O vice-líder do Governo na Câmara, Lindbergh Farias (PT-RJ), pediu ao ministro do STF Alexandre de Moraes que revogue a prisão domiciliar do ex-presidente Jair Bolsonaro. A petição foi protocolada nesta quarta-feira (17.jun.2026). A medida tem respaldo no cumprimento de pena e no status de líder de organização criminosa armado, segundo o congressista.

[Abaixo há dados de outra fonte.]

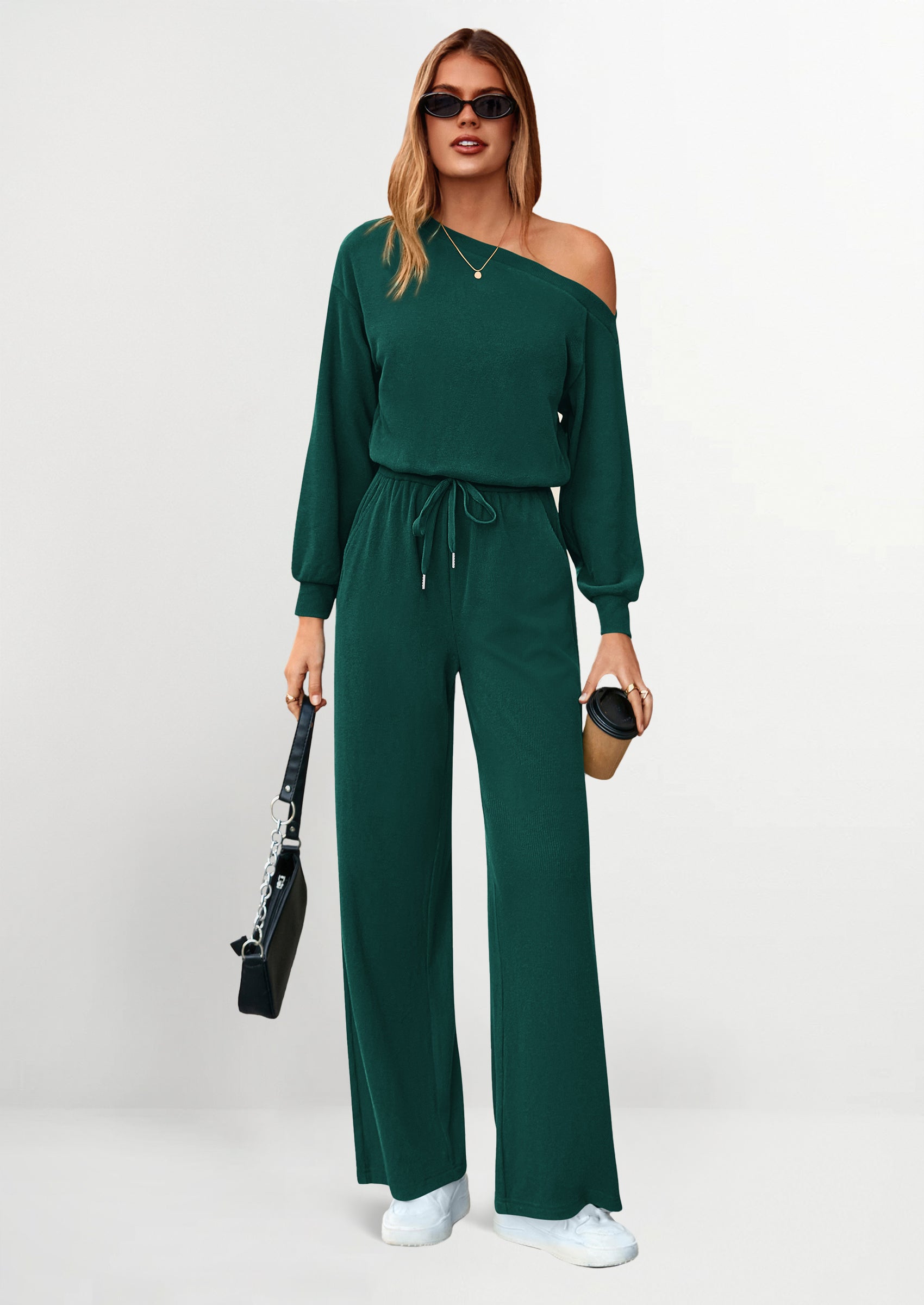 PRETTYGARDEN Long Sleeve Jumpsuit For Women Dressy Off Shoulder One Piece Loose Wide Leg Jumpsuits Casual Flowy Romper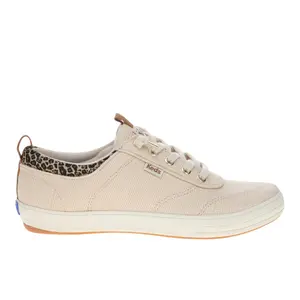 Keds Womens Center Iii Chalky Canvas Lace Up Sneakers Shoes Casual - Beige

Bolsonaro foi condenado pelo STF a 27 anos de prisão por tentativa de golpe de Estado e está em prisão domiciliar desde 24 de março por questões médicas. O regime atual tem prazo de 90 dias, com vencimento previsto para 25 de junho.
A defesa confirmou que Bolsonaro mantinha uma pistola Glock G17, calibre 9 mm, em sua residência durante o cumprimento da pena. O armamento foi entregue a um segundo-sargento do Exército após a equipe de segurança identificar uma suposta falha técnica.
Os advogados argumentaram que a arma era de registro formal no Exército, embora o percussor tenha sido retirado sem o conhecimento do ex-chefe do Executivo, sob efeito de medicações psiquiátricas que afetavam a cognição. A defesa afirma que houve falha de procedimentos.
Lindbergh rebateu a linha de defesa e afirmou que a discussão envolve a incompatibilidade entre a prisão domiciliar e a posse de armas por um condenado considerado líder de organização criminosa armada. Alega que a prisão domiciliar continua sendo prisão.
O deputado também solicitou que a Procuradoria-Geral da República seja ouvida previamente para avaliar o descumprimento das condições da custódia. Caso haja recusa, a petição sugere uso do episódio para justificar a não renovação da prisão domiciliar.